Anthony Winkler Prins (1870)

Gepubliceerd op 12-01-2018

Asperen

betekenis & definitie

Asperen, eene baronnie, in het oostelijk gedeelte van Zuid-Hoiland en aan de grenzen van Gelderland gelegen, behoorde voorheen tot het graafschap Teisterbant en alzoo aan de heeren van Arkel (zie onder dezen naam). Toen na den dood van heer Jan van Arkel in 1122 diens goederen onder zijne 3 zonen verdeeld werden, viel Asperen ten deel aan Folpert. Het werd door Otto, den vijfden heer, opgedragen aan den Graaf van Holland en is na dien tijd een Hollandsch leen gebleven.
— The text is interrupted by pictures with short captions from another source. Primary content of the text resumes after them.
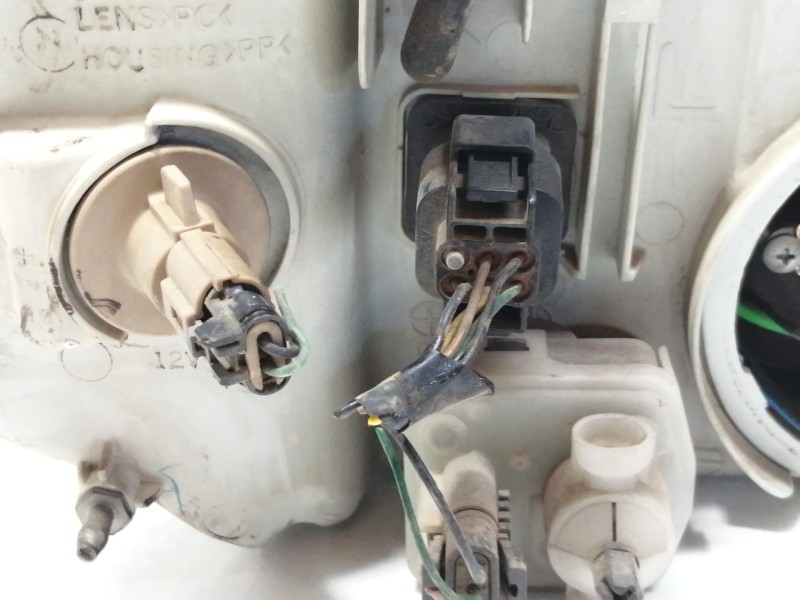 Recambio de faro izquierdo para daewoo lanos cool referencia OEM IAM 2221104L  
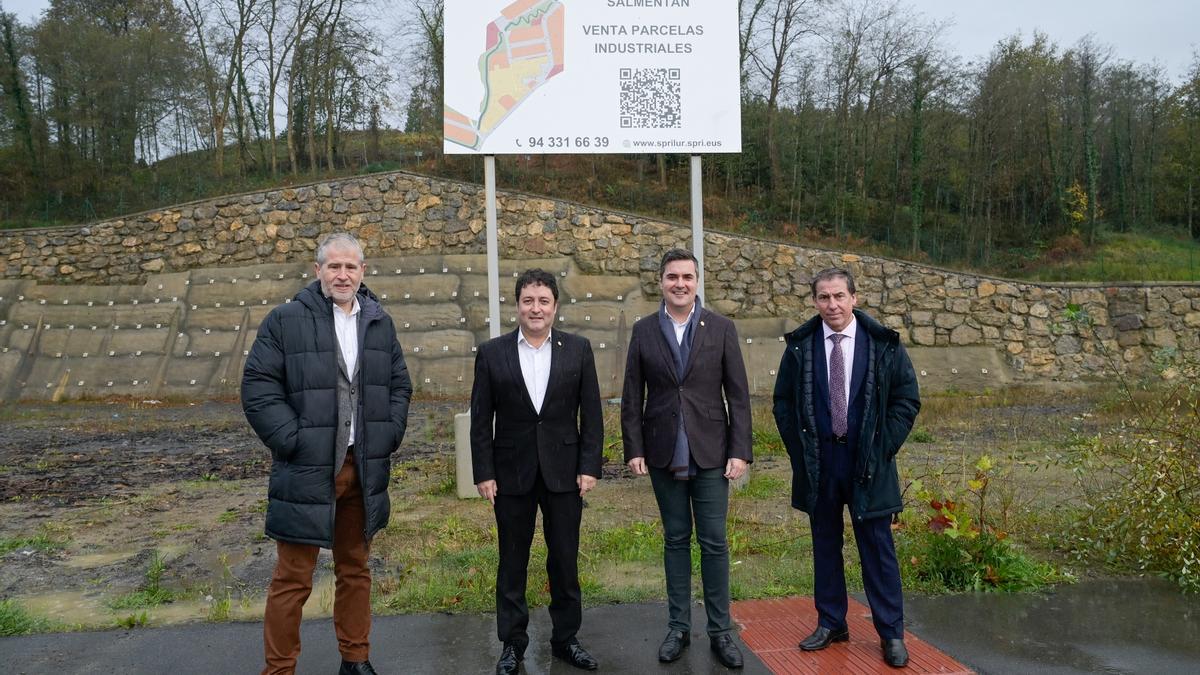 La delegación institucional liderada por Mikel Jauregi, en su visita al polígono Errotaberri de Zarautz.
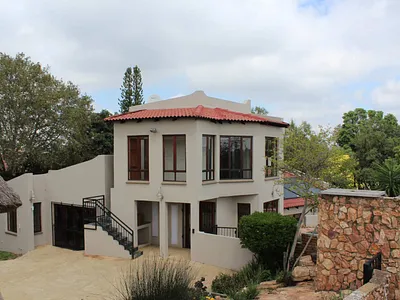 3 Bedroom House For Sale in Roodepoort - 9kyZ.webp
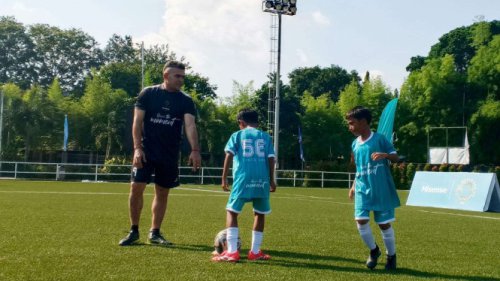 Momentum Piala Dunia Antarklub 2025, Cristian Gonzales Turunkan Ilmu ke Pesepakbola Muda Indonesia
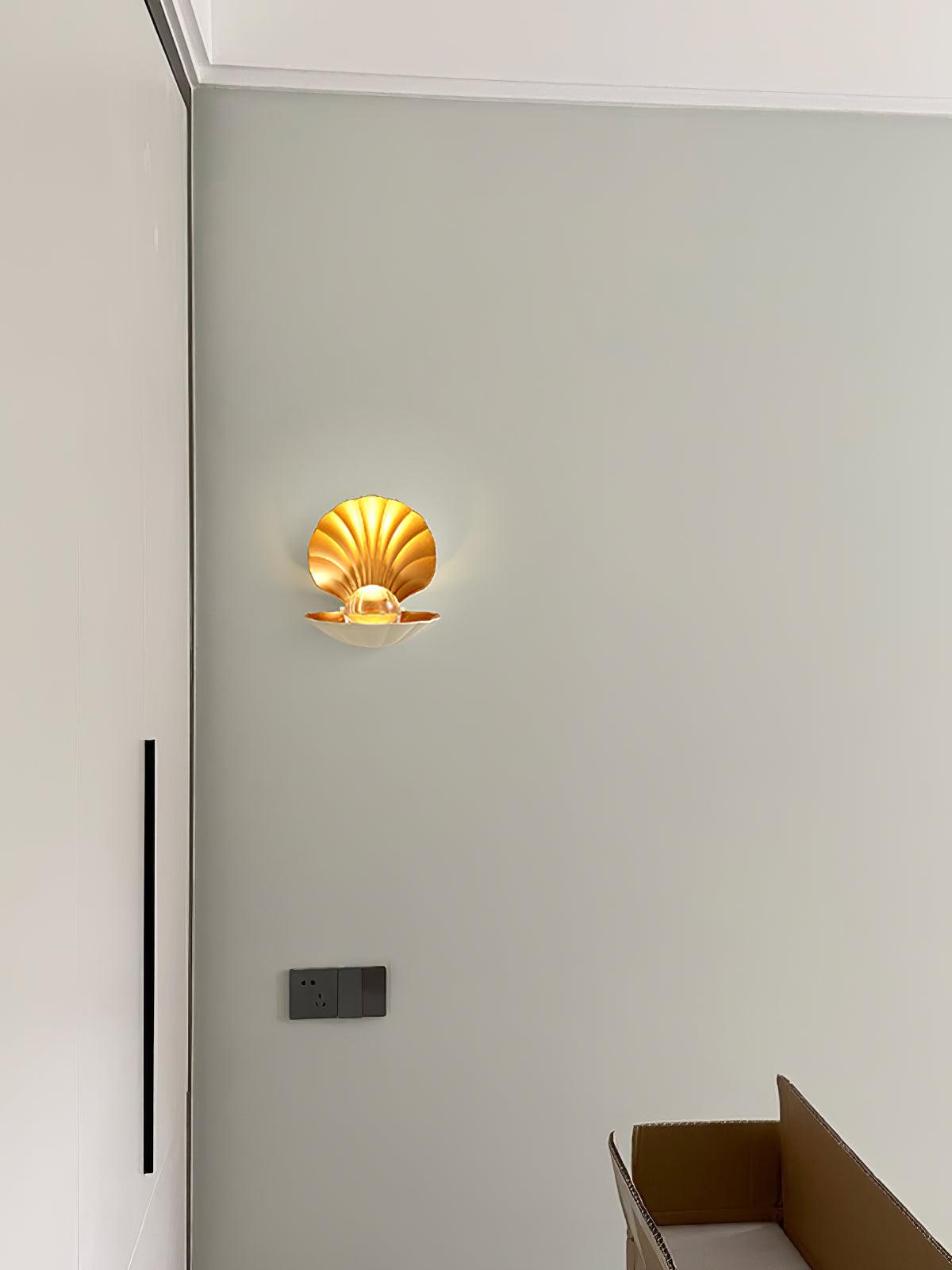 Pearl Clam Wall Light - Letslighting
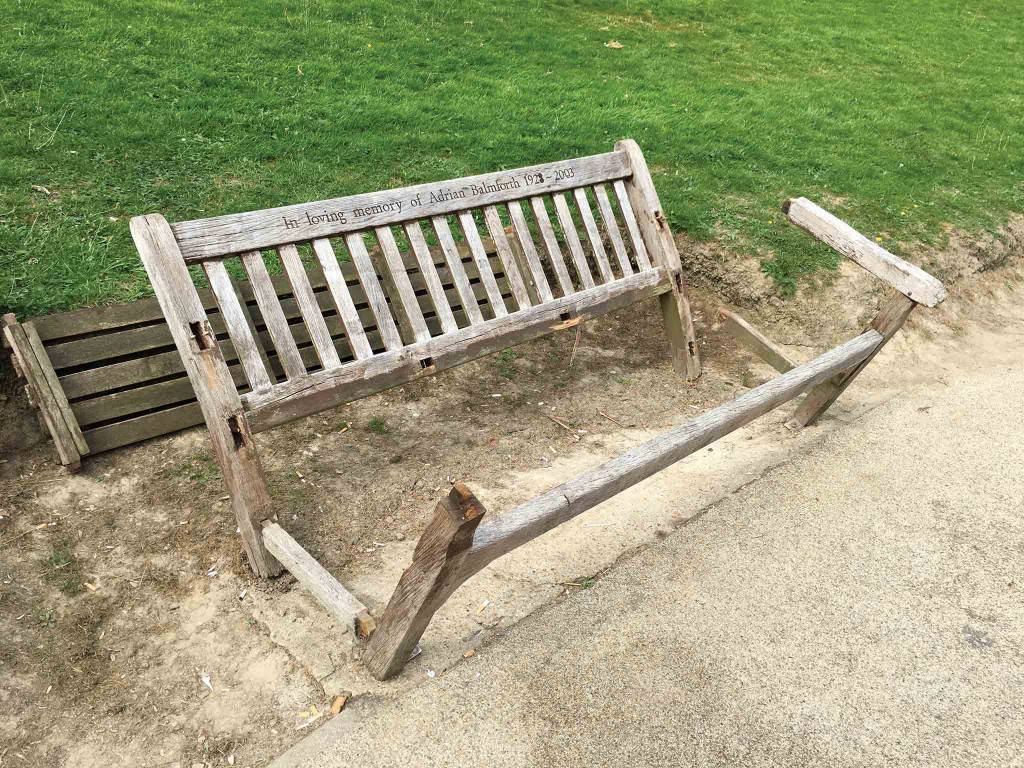 Calverley Grounds bench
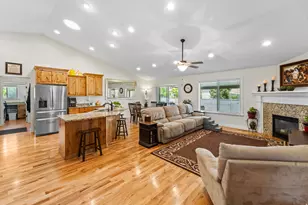 8768 N Durham Ct, Eagle Mountain, UT 84005 - Photo 10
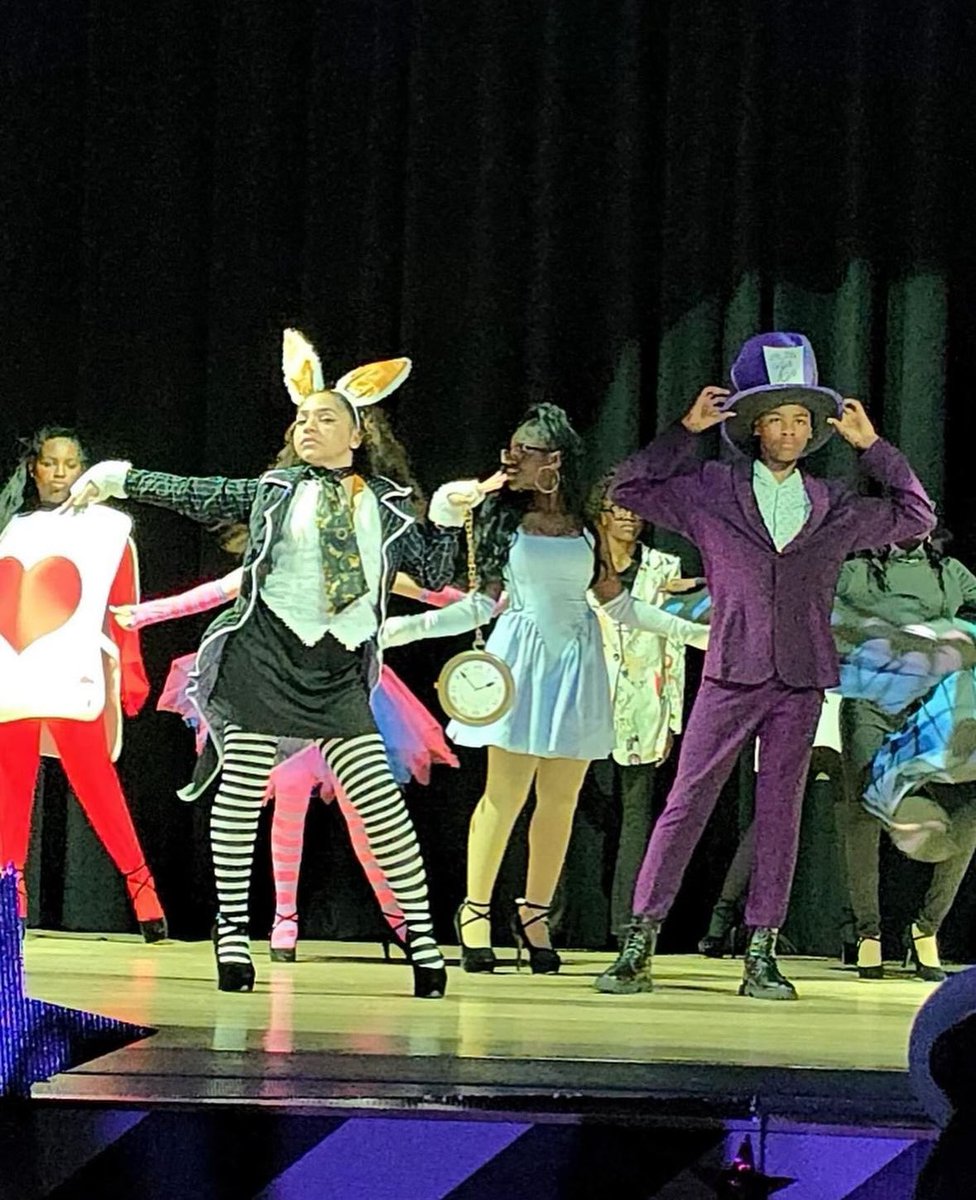 WalkerMillMS's tweet photo. Our Prestigious Models put on an excellent fashion show last month! Ms. Lampkins and Ms. Blocker deserve a huge round of applause. @wmmstag #pgcps #pgcpsproud #pantherpride #wmms #blueandgold #modelbehavior #ModelingTeam https://t.co/4FGhO7zQW2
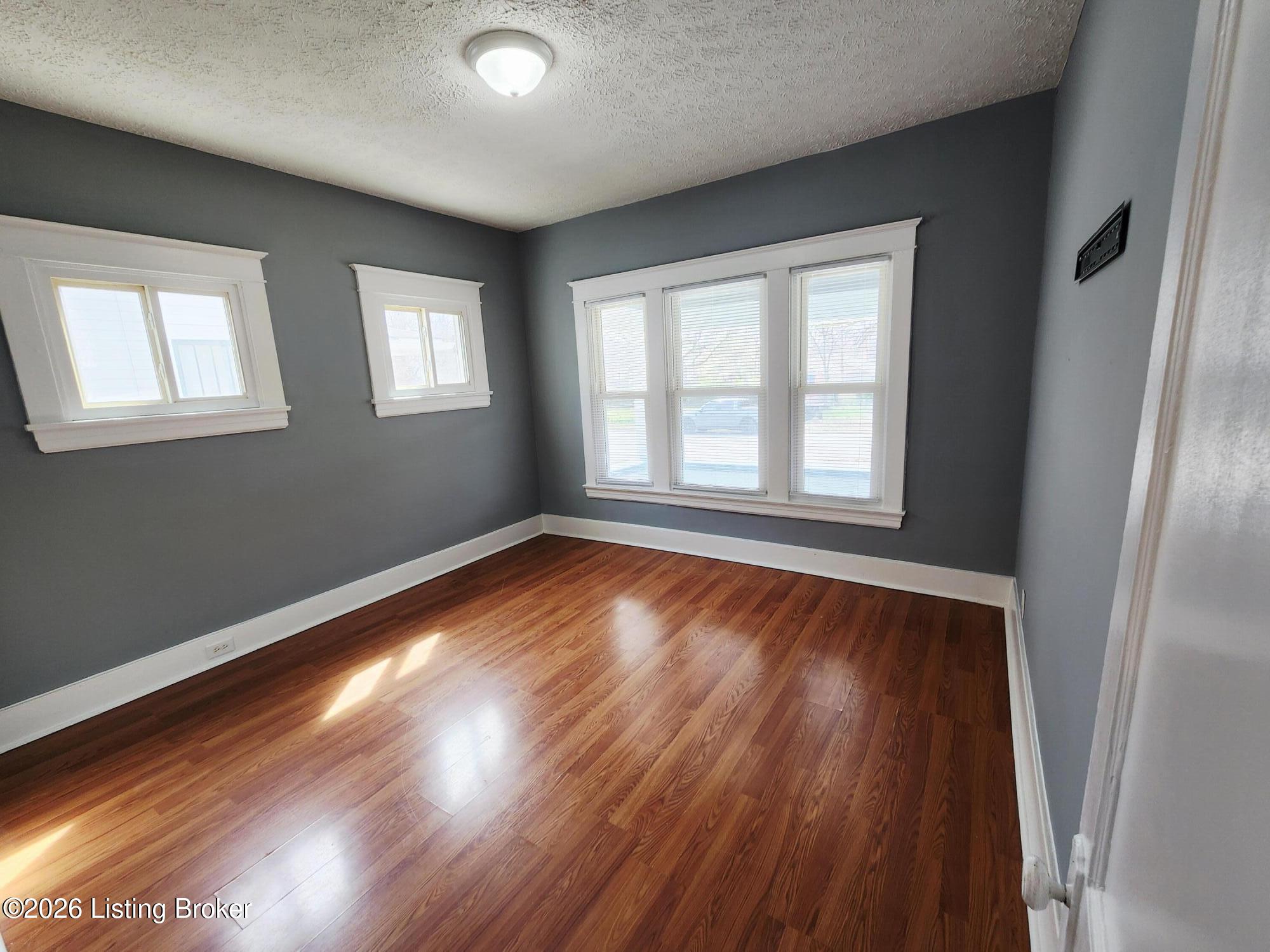 337 W Kenwood Way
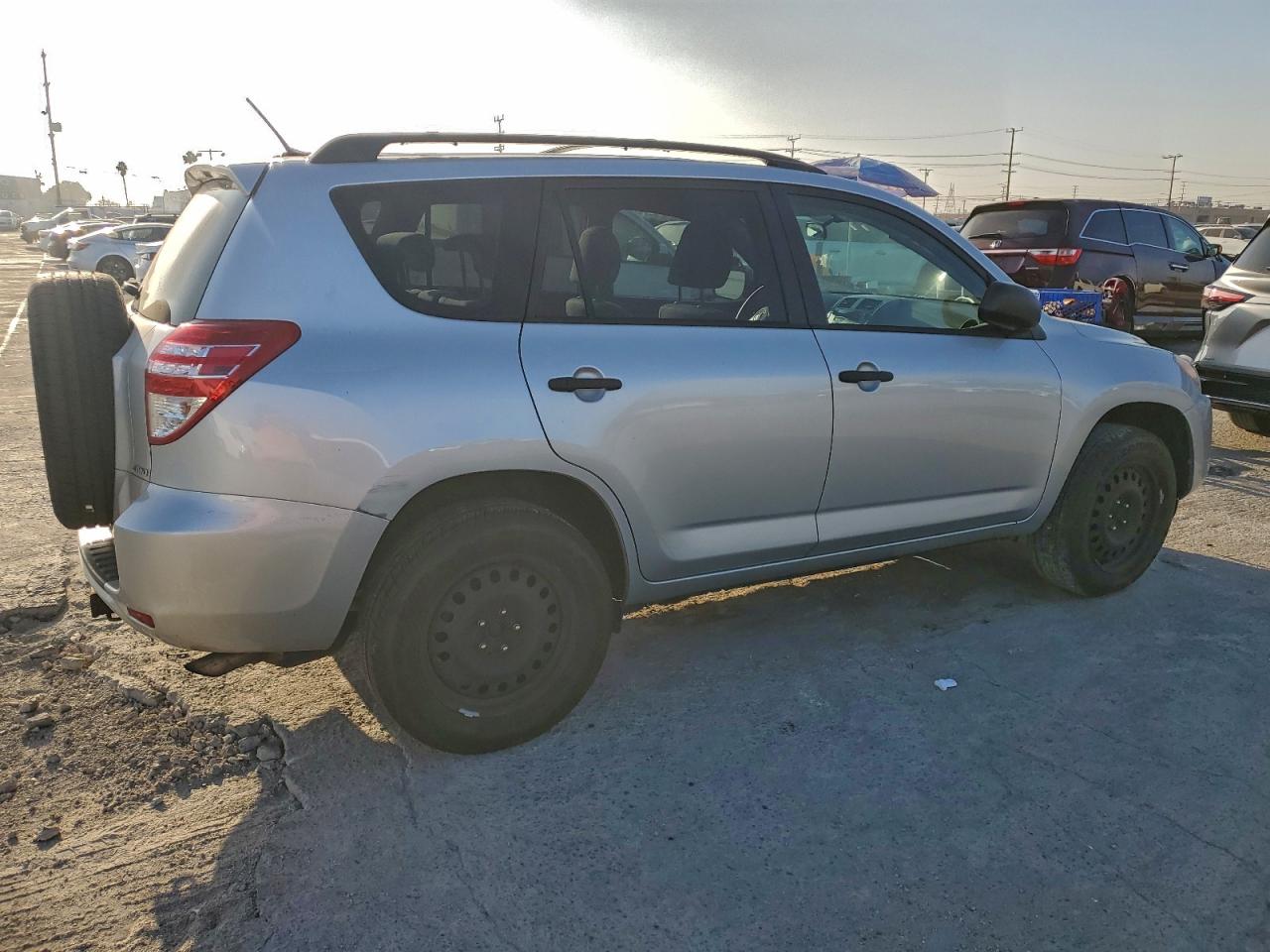 2011 TOYOTA RAV4 photo 3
In het midden der 15de eeuw werd de baronnie in 2 deelen gesplitst, daar de twee dochters van den heer van Asperen, gehuwd met Rutger van den Boetselaar en Arend Piek, ieder eene halve heerlijkheid ten huwelijk bragten. Niet lang daarna verviel de helft, aan Arend Piek toebehoorende, door verbeurdverklaring aan Karei van Bourgondië en vervolgens aan Maximiliaan van Oostenrijk, die dit gedeelte wederom afstond aan den bezitter van de andere helft, namelijk aan Wessel van den Boetselaar. In den loop der tijden heeft Asperen toebehoord aan de Hollandsche geslachten Arkel, : Polanen en Langerak, aan het Kleefsche geslacht van den Boetselaar, aan het vorstelijk geslacht Bourgondië, en het Geldersche adellijk geslacht Piek.

Bij het stadje Asperen verhief zich weleer een slot of kasteel, Waddestein genaamd, niet ver van de Heukelomsche poort. De stichter is onbekend. Het werd in 1204 door graaf Willem I van Holland verwoest, maar later hersteld en eindelijk door de Franschen in 1672 vernield. Het stadje zelf — thans aan de Linge in de nabijheid van een fort met wapenplaats gelegen en 1250 zielen tellende — heeft in onderscheidene oorlogen veel geleden. Vele burgers verloren het leven in den strijd tusschen Piek en Boetselaar (1480),— vervolgens had zij veel te lijden door een inval van den Zwarten hoop (1517), die er gruwelijk huis hield, — toen van de Spanjaarden (1574), die er Quirinus de Palme, leeraar der Hervormde godsdienst, vermoordden, en eindelijk in 1672 van de Franschen, die er eene geweldige brandschatting vorderden.